Protests around the U.S. and around the world have caused a lot of people to reexamine issues of race in America in all parts of life, and that includes entertainment. On June 8, 12 Years a Slave, screenwriter John Ridley wrote an op-ed in the Los Angeles Times where he asked HBO to remove Gone with the Wind from the HBO Max streaming service because it "romanticizes the horrors of slavery." HBO has now responded, by doing exactly that.
Gone with the Wind is no longer available on the service, though HBO says the movie will return at some point with new material designed to discuss, and condemn, the film's historical depictions.
Gone with the Wind is, accounting for inflation, still one of the most successful movies ever made and it's also one of the most critically acclaimed. The film was nominated for 13 Academy Awards, it would win eight, while also being awarded another honorary award as well as a special one for technical achievement.

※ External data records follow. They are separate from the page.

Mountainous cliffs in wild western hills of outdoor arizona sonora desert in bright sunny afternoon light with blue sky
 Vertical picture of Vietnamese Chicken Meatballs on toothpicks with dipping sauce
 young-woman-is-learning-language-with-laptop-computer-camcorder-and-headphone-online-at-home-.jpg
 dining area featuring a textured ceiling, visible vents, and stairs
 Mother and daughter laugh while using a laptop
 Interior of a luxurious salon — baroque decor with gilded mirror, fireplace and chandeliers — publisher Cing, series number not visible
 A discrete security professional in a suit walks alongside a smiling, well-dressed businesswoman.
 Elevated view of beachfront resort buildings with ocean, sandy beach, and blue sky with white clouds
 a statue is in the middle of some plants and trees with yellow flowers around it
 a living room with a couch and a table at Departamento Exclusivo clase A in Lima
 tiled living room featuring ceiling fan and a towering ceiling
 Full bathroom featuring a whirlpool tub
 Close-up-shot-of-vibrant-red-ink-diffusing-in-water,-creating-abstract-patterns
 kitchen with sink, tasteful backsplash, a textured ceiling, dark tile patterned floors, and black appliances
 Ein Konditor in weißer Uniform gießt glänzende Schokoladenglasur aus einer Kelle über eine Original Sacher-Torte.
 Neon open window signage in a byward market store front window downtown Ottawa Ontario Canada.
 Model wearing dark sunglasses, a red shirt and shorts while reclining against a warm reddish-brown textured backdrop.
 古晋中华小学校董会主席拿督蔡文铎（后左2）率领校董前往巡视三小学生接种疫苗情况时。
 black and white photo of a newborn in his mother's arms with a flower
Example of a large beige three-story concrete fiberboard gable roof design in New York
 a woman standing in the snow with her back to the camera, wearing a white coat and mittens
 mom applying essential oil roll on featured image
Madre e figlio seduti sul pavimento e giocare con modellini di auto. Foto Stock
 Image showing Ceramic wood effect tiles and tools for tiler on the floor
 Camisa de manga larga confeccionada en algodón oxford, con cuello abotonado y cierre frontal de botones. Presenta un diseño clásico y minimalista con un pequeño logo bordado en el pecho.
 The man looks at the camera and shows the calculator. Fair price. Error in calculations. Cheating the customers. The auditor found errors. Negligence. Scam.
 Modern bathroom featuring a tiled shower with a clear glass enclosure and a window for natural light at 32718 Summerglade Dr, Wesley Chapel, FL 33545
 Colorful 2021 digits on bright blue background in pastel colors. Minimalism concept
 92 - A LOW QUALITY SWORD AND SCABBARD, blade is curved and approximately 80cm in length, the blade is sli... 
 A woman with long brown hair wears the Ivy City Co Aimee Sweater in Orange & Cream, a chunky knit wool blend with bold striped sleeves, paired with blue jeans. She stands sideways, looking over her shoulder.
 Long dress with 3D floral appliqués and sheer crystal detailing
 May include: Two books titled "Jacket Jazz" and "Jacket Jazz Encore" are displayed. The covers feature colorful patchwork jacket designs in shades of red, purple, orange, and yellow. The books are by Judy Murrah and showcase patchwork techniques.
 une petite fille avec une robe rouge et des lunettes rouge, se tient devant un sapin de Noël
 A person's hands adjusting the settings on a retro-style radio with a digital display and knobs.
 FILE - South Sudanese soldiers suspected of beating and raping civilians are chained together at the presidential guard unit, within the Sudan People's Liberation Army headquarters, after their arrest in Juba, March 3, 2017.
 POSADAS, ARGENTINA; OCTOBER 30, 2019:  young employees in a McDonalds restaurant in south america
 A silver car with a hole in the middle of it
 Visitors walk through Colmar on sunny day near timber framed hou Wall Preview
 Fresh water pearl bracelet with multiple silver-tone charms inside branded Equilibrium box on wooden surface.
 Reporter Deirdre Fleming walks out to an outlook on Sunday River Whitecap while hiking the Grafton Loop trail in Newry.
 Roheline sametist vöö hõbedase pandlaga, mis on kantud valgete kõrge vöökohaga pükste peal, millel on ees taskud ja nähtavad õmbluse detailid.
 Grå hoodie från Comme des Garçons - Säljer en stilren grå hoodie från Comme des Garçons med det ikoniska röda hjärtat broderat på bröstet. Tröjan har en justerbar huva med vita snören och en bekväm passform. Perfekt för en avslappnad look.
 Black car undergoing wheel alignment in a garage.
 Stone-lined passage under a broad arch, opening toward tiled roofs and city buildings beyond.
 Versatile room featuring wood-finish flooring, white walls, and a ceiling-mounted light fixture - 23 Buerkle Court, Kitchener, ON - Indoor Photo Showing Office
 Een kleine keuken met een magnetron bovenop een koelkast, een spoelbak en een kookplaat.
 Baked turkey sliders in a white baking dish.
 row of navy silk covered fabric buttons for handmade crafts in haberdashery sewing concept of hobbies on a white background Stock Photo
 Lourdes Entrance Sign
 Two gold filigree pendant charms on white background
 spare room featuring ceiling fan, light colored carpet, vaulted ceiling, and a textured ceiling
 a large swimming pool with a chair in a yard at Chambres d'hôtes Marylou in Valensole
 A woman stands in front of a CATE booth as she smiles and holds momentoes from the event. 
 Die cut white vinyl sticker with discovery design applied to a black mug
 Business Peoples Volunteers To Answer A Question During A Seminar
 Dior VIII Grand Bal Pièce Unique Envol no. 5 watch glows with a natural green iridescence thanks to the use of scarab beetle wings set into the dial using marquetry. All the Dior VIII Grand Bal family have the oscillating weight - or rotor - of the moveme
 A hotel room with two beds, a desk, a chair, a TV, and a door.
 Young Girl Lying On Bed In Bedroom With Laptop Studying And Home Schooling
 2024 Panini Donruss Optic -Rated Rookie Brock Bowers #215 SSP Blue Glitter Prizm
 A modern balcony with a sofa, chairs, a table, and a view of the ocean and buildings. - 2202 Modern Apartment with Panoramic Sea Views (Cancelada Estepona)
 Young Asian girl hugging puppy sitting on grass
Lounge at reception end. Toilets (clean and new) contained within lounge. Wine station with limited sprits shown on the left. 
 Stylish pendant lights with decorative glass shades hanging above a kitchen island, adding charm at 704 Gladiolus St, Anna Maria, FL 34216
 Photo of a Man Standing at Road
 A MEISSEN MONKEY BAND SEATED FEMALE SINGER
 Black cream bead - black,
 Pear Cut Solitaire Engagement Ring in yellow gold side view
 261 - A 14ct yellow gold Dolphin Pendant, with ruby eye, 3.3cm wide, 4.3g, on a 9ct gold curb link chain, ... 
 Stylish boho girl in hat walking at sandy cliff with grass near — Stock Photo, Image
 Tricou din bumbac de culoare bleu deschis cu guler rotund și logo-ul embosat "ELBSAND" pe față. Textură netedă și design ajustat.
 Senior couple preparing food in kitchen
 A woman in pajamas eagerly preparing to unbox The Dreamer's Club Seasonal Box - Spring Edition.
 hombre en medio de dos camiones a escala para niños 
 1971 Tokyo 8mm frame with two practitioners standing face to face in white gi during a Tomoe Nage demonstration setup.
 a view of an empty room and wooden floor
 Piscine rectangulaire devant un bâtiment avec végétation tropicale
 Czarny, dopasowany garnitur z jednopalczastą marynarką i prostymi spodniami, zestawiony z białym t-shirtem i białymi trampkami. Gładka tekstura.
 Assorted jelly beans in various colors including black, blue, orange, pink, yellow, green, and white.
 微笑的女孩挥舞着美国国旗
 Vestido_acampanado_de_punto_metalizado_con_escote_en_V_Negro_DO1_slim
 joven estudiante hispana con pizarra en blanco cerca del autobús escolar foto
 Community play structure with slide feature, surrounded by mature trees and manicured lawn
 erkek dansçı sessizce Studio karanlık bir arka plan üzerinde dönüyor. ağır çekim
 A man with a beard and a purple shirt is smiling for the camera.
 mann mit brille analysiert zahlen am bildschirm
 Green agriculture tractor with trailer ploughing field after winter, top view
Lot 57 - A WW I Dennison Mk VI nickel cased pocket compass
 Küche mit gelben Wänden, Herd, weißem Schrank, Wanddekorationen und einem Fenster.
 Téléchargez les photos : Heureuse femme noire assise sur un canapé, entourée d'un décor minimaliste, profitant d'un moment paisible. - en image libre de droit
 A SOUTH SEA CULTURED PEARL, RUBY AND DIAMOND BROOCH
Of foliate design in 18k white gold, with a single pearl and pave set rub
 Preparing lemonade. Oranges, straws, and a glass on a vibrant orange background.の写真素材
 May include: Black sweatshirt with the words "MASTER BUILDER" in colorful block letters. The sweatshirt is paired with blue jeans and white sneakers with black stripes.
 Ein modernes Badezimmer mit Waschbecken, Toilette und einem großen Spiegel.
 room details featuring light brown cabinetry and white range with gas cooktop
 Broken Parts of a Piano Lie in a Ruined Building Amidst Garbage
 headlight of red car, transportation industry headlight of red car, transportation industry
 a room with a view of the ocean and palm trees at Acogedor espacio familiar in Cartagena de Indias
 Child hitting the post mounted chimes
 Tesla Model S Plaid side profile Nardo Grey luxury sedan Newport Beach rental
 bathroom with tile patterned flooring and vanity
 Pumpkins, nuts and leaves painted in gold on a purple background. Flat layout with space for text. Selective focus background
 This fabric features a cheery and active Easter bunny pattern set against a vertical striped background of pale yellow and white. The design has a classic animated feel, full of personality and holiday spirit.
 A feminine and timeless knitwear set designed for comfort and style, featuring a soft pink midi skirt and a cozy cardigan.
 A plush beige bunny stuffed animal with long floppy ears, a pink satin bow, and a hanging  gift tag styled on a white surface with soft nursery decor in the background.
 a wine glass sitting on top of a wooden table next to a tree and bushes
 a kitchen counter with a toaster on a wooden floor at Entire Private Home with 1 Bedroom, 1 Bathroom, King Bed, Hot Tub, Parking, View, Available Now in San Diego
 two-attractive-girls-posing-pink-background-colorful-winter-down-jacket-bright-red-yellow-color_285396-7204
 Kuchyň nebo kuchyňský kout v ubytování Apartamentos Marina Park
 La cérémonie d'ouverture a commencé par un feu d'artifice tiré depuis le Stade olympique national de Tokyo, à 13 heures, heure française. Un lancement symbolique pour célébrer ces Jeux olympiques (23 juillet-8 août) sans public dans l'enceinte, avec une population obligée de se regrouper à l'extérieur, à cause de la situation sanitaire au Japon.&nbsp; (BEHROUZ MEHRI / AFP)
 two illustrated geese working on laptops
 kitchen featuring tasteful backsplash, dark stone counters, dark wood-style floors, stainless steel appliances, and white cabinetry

One of the awards the film would win was the Best Supporting Actress award, which went to Hattie McDaniel. She became the first African-American to win an acting Oscar. McDaniel had to come to the stage from her segregated seat at the back of the auditorium to accept the award.
Gone with the Wind is set in Georgia during the days surrounding the American Civil War. The white southern characters are certainly the heroes of the story, and so it is seen by many as spinning the era of American slavery in a positive light. In a statement from HBO to THR, it was made clear that when the movie returns to the HBO Max service, the film itself will remain unchanged, but new material will be included that puts the movie into context...
These depictions are certainly counter to WarnerMedia’s values, so when we return the film to HBO Max, it will return with a discussion of its historical context and a denouncement of those very depictions, but will be presented as it was originally created, because to do otherwise would be the same as claiming these prejudices never existed. If we are to create a more just, equitable and inclusive future, we must first acknowledge and understand our history.
Gone with the Wind certainly isn't the first piece of media that has had to deal with the way perspectives have changed over time. Everything from animated Disney movies to Looney Tunes have seen situations where something created decades ago, that was seen as normal and acceptable at the time, is looked at very differently through a modern lens. There is no real consensus as to exactly how to handle these situations. While removing the offending material from circulation is one option, as the HBO statement makes clear, there's also a fear doing so has the effect of not only erasing the problematic material, but making it seem as if the problem never existed as well.